4. Ledo engano. Basta uma leitura minimamente atenta dos autos e das peças apresentadas pelo Apelante ao longo de todo o trâmite processual, para se constatar, com facilidade, que a testemunha Jorge Miguel Simões, além de arrolada, foi ouvida durante o processo administrativo. Mais precisamente às fls. 98/99 do PAD, que correspondem às fls. 148/149 dos autos. E o seu testemunho é crucial para o deslinde da questão.

5. Aliás, já naquela oportunidade, ele destacou:

(...) QUE não verificou qualquer irregularidade na abordagem do ônibus realizada pelo Policial Moreira (...);” . Mais na frente retorno ao depoimento em Juízo.

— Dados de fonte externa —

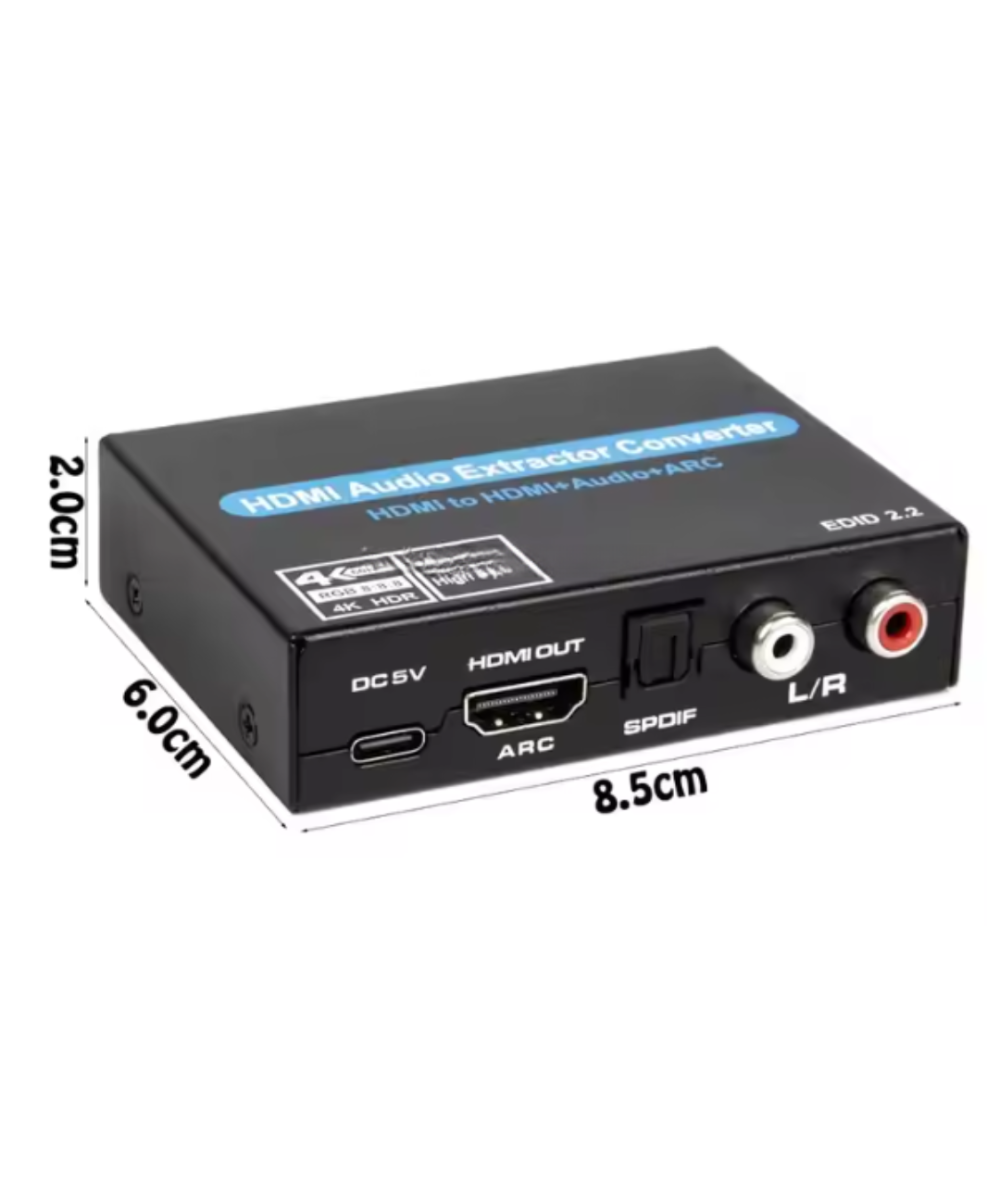 Separador de audio y video de HDMI a RCA/ HDMI/ Óptico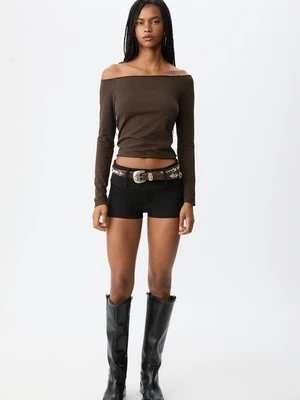 Stradivarius Bluzka z odkrytymi ramionami  Brązowy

6. Por essa e razão, o e. Min. Luiz Fux, ainda no c. STJ, em mandado de segurança impetrado pelo ora Recorrente, ressaltou:

O Judiciário pode rever a aplicação de sanções disciplinares quando escassa e frágil a prova utilizada para embasar a punição. Precedentes. (ROMS nº 27.967, Rel. Min. Luiz Fux, julgado em 14/02/2012).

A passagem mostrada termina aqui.